Dear mumsnet,can you help the the parent/carers on your forum,by possibly sending all of our stories to the pm,or helping us to keep the stories in the media,it would be a great help and i,m sure you would have all of our support.
WHAT DO YOU SAY MUMSNET?ITS GOT TO BE WORTH A GO,HASN,T IT?.XX

OP posts:
Peachy · 25/01/2011 20:05

I'd absolutely not want my story sent to the PM.

If you want yours approach the papers that covered it last week: you never know.

gotchababe · 25/01/2011 20:33

Absolutely gilly3

My posts/stories can go.

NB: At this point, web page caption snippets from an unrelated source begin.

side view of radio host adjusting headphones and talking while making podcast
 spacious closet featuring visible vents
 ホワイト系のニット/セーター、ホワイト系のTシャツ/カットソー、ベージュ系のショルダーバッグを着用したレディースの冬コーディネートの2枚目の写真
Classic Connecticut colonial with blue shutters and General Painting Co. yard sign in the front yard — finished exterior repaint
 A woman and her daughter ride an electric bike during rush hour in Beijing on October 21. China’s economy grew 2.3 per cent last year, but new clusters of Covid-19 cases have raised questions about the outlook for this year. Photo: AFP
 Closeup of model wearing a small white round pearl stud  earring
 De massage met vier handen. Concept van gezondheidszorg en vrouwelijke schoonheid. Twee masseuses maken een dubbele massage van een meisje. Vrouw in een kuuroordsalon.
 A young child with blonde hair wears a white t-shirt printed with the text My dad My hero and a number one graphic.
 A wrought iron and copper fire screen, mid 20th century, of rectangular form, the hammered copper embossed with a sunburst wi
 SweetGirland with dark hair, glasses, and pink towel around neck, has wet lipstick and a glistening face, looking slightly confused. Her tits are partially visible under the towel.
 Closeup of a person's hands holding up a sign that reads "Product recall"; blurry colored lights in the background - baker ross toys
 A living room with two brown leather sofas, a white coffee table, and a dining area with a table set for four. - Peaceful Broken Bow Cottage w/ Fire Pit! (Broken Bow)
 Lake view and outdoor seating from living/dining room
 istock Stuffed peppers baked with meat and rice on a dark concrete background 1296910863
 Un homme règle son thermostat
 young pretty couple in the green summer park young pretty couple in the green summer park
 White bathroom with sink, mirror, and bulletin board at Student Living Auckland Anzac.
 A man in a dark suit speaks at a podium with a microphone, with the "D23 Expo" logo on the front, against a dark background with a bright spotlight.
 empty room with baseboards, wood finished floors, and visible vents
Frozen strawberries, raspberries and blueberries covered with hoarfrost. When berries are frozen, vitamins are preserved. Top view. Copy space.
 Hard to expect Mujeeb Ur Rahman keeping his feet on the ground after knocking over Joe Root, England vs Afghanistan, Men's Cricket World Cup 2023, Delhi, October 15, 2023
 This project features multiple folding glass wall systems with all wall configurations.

Not long home travelled nearly 400 miles round trip today sourcing a Special Needs Placement/Provision for my son.

Never ends.

Mumsnet send my Posts to PM. The PM intervened when the LA was going to close his sons Special Needs School. (sadly his son passed away)

Why can't he intervene in other LA 's incompotent and unrealistic decisions! concerning our DC?

beachholiday · 25/01/2011 20:48

I dont think HQ are going to send our posts to the PM and frankly I'd dereg pronto if they sent mine.

Please dont ask for all our stories to be sent gilly - ask on your own behalf or do a thread inviting people who actually want that, to contribute.

I sincerely doubt Peachy and I are the only ones who would not like that idea at all.

With regard to keeping the issues of carers/respite/DLA/ringfencing/disabilty rights etc in the media by other means (campaigning, petitions, letters, webchats, interveiws with those that want to do them) I would give full support.

The issue is still alive in the media so if you want to tell your story now is probably still a good time - "localism" and its failures were being discussed in the weekend papers with regard to councils failing to offer adequate support to carers and there were 2 letters in todays guardian:

here

Jimmychasesangels · 25/01/2011 20:50

no way
never ever do I want mine used thanks

AlysWho · 25/01/2011 20:53

Thanks for posting the articles, I hadn't seen them.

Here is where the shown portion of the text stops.